If you have been following up with the new developments in javascript over the last year or two, then chances are you have heard of the Prototype, script.aculo.us, or MooTools javascript libraries.

These javascript libraries allow you to add special effects (fading text, drag-and-drop boxes, to name a few) to elements on your web page, as well as enhance the way you can make AJAX requests.

I stayed away from these libraries because I had heard that Prototype, and script.aculo.us really degraded the performance of your web page. I am not very patient when waiting for a web page to load and do not expect people visiting my web site / project to be either.

However when planning a recent project I started working on, I was browsing Digg and came across an article for the then latest jQuery 1.1.3 release which boasted that it had the best performance in Internet Explorer, with moderate performance in FireFox and Safari.

Impressed by this I decided I would try it out and see if I could integrate some AJAX and highlighting effects into the project I was working on.

I can definitely say that I am thoroughly impressed with the ease in which you can use jQuery, in less then two days I had AJAX and highlighting effects fully integrated into my project. You can not even notice any performance degradation, the pages run very fast.

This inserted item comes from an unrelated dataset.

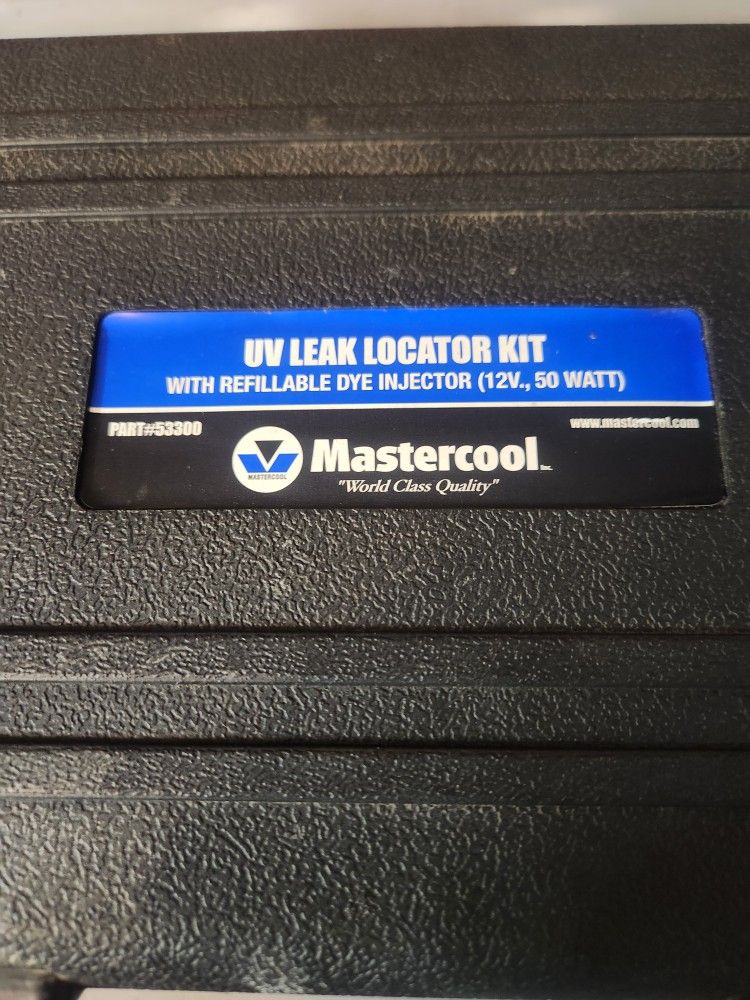 Mastercool UV Leak Locator Kit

Although I love this, I think I am addicted to the chaining that you can have in jQuery. Where you would normally have a bunch of different declarations to modify an element, you can apply a bunch of changes to a single element in a chain like so:

.mouseover(function() { $(this).addClass(‘hover’); })
.mouseout(function() { $(this).removeClass(‘hover’); });

The jQuery library itself takes up around 20kb (compressed version) so that is not such a huge bandwidth increase. jQuery can also run alongside Prototype, and script.aculo.us, so if you need those libraries you can enjoy the benefits of both libraries.

There is a huge amount of plugins available already for jQuery, not to mention it is very easy for you to write your own.

All in all I find jQuery very pleasant and powerful to use.